While the Alabama Legislature is still grappling with how it will handle the retention component of the 2019 Literacy Act, some Republican lawmakers are hinting at a mathematics counterpart to the Literacy Act passed by the end of the 2022 regular session.
Earlier this week, State Rep. Terri Collins (R-Decatur), the chairwoman of the Education Policy Committee, said with the session just halfway completed, that a math counterpart, deemed the Numeracy Act, was being considered.
During an interview with Mobile radio FM Talk 106.5's "The Jeff Poor Show," State Rep. Chip Brown (R-Hollinger's Island) backed up Collins on making the Numeracy Act a reality.
"I think so," Brown said. "I don't know why the third grade couldn't be the benchmark for all of that, really. It's not a bad idea, if you think about it, to have third grade, before you go into high school because we have a graduation exit exam. So, in essence, we're preparing these children for that as they go along."
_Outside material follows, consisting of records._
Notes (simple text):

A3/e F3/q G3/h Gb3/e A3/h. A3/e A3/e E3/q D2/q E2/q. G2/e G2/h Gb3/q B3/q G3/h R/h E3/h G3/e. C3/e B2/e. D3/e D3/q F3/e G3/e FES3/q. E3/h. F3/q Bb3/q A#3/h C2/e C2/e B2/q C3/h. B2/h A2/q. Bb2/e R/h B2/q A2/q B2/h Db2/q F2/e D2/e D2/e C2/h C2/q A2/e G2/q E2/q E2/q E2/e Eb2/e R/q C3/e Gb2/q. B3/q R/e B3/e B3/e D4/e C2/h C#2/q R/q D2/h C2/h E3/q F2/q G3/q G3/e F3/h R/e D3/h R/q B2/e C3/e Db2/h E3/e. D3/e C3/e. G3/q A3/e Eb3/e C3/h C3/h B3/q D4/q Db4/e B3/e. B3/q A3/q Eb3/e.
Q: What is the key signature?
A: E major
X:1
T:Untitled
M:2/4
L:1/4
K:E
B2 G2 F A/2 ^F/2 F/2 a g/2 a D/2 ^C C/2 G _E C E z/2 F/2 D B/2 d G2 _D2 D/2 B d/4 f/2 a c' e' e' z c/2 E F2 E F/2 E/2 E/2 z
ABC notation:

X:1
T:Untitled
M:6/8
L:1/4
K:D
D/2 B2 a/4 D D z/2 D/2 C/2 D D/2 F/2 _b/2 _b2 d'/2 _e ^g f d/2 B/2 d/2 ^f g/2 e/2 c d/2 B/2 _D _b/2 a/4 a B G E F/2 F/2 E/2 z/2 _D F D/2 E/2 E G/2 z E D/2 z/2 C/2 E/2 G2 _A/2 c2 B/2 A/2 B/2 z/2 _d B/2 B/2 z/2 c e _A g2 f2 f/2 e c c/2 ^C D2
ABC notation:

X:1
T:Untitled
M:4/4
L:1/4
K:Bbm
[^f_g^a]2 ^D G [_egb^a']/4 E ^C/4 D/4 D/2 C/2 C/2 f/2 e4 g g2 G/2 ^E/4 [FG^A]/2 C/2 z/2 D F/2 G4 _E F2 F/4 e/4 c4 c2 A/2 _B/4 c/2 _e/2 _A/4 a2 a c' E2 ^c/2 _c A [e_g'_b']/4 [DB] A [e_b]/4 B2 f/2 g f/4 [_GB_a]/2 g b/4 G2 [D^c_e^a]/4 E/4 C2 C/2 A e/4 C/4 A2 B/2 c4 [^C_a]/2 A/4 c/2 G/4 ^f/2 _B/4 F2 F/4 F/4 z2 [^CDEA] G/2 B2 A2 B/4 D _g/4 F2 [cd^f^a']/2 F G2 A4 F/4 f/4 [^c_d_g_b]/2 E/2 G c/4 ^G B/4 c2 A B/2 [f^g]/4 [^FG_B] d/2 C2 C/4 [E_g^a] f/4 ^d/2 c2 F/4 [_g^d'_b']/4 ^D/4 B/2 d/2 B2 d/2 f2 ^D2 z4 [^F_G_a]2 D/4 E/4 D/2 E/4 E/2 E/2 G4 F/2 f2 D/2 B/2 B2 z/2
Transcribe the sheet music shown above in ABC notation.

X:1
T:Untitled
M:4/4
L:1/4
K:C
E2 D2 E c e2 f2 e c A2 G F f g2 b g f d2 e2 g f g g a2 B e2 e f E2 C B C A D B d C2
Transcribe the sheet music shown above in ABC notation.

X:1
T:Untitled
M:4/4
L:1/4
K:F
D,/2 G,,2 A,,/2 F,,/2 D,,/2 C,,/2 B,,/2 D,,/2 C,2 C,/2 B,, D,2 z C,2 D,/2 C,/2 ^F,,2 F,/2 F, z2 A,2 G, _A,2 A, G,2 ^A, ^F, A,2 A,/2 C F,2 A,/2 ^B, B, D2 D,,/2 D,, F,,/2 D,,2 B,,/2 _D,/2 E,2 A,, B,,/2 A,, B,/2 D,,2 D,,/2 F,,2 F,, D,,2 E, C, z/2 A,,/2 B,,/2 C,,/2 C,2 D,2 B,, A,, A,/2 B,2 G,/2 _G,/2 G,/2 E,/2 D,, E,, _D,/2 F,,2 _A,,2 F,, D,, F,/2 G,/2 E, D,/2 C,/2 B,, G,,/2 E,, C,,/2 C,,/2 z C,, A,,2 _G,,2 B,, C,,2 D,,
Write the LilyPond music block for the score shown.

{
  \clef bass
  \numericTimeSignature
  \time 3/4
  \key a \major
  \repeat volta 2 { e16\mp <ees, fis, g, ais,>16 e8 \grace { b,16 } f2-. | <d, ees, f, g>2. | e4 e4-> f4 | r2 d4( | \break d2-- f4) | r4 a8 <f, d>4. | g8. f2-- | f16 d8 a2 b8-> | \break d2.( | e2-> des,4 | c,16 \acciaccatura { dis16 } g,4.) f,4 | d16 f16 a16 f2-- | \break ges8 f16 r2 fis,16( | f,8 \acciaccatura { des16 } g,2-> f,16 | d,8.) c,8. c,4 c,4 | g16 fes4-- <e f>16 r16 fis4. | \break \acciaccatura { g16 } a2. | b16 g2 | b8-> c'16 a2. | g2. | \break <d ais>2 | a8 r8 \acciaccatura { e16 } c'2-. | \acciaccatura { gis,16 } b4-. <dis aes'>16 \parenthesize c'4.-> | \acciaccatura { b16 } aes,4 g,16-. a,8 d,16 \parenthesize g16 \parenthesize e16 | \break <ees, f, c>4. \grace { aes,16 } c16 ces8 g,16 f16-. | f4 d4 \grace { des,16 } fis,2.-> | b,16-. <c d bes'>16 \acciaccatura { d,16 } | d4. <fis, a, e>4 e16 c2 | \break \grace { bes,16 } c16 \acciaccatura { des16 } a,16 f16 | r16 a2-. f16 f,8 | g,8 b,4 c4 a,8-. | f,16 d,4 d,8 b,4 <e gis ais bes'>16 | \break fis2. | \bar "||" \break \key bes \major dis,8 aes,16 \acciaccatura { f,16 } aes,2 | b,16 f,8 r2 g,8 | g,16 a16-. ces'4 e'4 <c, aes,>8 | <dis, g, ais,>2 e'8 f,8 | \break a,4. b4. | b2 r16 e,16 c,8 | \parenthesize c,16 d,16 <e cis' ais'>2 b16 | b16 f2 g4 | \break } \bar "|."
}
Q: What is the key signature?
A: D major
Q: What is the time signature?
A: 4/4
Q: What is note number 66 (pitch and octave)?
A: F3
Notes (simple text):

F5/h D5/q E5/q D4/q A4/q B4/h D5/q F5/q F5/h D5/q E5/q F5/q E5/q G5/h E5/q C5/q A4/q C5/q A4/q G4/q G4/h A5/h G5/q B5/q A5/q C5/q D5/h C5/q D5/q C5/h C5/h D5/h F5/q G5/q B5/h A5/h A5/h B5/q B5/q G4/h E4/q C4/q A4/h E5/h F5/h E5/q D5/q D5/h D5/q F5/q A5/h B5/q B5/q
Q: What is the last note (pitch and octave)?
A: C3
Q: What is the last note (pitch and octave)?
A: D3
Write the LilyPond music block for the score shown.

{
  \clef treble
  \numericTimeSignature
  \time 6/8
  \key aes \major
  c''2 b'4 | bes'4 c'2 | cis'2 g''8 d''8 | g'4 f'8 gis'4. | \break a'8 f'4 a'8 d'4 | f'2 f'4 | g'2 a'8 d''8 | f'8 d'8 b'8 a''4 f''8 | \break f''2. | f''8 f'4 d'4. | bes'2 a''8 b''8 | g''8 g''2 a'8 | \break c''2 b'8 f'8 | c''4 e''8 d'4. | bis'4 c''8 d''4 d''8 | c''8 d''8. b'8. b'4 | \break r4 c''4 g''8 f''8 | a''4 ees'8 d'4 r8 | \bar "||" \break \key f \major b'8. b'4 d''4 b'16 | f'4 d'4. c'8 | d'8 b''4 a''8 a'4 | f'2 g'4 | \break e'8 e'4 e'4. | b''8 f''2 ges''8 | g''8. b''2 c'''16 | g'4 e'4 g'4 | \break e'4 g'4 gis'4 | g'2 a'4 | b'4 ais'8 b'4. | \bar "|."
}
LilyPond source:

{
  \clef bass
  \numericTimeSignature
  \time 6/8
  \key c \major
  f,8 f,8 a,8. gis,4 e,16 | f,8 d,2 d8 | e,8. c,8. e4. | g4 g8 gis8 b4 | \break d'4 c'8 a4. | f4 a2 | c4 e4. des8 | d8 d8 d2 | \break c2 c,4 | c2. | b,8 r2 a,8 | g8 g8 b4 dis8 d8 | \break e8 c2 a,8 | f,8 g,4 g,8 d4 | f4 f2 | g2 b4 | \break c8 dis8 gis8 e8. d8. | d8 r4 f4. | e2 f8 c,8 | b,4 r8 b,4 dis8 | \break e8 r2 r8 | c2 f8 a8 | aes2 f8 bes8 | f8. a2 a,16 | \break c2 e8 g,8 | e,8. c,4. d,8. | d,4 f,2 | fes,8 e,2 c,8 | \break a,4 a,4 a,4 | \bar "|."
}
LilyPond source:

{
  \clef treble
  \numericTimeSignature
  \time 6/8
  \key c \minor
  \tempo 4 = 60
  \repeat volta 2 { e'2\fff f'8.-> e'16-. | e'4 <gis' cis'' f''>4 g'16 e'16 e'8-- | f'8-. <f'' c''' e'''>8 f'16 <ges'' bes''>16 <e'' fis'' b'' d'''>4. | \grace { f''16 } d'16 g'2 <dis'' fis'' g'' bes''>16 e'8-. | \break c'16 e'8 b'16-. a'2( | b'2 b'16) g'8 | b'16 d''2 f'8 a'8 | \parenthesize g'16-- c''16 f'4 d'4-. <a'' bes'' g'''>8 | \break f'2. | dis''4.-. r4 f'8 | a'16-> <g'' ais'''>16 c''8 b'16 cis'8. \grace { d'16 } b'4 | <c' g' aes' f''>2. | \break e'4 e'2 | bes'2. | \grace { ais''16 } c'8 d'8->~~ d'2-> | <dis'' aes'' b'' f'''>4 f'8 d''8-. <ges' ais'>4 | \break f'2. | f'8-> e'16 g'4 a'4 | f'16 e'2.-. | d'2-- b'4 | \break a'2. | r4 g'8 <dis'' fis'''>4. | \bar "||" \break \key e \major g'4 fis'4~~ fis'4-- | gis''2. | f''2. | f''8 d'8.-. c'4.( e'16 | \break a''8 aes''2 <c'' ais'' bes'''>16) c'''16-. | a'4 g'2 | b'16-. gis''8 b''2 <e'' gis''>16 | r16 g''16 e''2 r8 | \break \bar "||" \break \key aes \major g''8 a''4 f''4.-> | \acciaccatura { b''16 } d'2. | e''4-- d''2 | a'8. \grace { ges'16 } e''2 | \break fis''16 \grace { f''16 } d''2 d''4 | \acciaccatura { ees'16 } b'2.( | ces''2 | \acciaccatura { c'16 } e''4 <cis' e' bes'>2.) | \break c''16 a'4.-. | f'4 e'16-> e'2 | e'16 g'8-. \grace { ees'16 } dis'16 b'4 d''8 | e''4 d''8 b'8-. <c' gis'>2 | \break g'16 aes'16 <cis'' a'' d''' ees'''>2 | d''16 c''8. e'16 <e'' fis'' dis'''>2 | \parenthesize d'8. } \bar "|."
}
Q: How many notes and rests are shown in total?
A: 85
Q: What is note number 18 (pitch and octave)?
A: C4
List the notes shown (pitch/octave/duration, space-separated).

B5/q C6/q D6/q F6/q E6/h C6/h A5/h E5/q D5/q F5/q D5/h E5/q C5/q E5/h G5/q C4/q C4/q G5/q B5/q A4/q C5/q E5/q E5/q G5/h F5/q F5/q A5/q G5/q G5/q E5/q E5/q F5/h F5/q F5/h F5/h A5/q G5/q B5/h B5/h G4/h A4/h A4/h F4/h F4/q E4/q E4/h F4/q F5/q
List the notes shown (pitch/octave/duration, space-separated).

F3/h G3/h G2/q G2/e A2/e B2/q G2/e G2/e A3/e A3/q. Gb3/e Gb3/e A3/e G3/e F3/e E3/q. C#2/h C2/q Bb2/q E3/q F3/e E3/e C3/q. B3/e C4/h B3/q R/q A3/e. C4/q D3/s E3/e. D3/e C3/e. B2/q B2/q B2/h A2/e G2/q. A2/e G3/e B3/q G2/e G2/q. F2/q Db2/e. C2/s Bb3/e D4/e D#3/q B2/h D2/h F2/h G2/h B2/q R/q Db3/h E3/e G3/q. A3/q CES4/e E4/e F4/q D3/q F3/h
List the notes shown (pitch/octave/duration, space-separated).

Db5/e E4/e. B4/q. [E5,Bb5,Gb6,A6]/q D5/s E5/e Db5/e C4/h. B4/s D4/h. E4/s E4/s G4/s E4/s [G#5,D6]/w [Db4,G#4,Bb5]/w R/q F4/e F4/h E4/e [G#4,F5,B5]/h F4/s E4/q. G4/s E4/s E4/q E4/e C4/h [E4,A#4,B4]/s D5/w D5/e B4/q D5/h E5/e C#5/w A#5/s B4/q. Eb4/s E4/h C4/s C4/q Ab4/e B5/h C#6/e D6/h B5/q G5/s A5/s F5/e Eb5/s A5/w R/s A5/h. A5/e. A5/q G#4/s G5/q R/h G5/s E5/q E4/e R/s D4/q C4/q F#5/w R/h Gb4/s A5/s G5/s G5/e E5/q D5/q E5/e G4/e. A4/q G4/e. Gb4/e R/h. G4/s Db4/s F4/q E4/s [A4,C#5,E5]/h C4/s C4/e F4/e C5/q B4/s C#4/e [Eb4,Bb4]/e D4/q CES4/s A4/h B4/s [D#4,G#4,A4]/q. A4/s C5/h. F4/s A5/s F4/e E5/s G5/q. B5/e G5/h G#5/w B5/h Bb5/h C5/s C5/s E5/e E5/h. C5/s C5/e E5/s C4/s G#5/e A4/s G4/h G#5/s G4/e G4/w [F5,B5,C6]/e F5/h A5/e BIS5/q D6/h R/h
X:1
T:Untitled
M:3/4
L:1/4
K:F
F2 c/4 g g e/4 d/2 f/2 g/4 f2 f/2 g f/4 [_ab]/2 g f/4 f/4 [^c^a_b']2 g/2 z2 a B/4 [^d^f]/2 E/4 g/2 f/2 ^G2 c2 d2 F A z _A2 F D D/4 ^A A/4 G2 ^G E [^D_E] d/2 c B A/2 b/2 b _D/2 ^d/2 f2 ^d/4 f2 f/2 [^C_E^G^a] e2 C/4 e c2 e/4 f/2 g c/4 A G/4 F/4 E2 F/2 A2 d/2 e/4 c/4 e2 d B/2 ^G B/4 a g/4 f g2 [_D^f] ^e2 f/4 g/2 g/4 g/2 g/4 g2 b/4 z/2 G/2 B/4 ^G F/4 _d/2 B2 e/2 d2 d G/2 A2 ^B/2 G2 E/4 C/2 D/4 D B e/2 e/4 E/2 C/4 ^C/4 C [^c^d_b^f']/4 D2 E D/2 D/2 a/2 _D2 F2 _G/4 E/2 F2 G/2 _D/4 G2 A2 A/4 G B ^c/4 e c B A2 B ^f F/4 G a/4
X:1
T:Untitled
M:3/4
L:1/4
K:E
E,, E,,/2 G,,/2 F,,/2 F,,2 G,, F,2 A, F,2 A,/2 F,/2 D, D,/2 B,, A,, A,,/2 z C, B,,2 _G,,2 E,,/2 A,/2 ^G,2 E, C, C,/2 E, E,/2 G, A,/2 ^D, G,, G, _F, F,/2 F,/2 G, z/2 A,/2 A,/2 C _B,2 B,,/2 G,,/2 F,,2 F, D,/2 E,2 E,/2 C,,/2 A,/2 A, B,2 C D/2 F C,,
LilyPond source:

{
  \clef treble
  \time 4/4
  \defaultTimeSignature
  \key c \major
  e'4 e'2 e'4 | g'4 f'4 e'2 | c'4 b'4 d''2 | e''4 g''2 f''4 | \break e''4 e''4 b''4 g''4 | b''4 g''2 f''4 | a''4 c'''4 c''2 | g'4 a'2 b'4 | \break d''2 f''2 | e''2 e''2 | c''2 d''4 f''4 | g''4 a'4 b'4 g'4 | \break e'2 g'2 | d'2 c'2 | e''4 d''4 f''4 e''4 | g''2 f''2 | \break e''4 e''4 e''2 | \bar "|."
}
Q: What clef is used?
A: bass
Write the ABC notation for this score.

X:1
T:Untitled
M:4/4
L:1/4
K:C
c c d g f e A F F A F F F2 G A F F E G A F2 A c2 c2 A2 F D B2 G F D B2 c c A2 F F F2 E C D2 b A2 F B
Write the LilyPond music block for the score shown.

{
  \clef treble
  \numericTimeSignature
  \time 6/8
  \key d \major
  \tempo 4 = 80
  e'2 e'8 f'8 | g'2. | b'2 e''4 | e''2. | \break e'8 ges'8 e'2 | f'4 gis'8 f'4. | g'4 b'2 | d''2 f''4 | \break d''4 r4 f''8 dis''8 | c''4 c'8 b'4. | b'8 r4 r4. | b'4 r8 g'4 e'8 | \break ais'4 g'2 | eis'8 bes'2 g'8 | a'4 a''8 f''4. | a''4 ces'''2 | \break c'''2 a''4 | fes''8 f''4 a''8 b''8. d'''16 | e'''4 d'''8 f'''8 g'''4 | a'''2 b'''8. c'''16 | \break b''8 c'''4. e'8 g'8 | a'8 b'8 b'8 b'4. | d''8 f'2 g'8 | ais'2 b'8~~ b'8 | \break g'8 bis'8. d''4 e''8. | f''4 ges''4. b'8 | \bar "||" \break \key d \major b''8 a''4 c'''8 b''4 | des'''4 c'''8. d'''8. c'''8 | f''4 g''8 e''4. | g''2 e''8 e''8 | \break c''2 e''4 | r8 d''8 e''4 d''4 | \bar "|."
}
"So, if we need to have benchmarks that have real impact -- because the real impact of school is we're supposed to teach these kids to learn, to read, to understand math. And those are the two big ones, really. In what you're going to do in society, to be able to read and being able to understand at least basic math -- I think that if that effort were really put out there, I think [Collins] is right. We could see movement on that this session."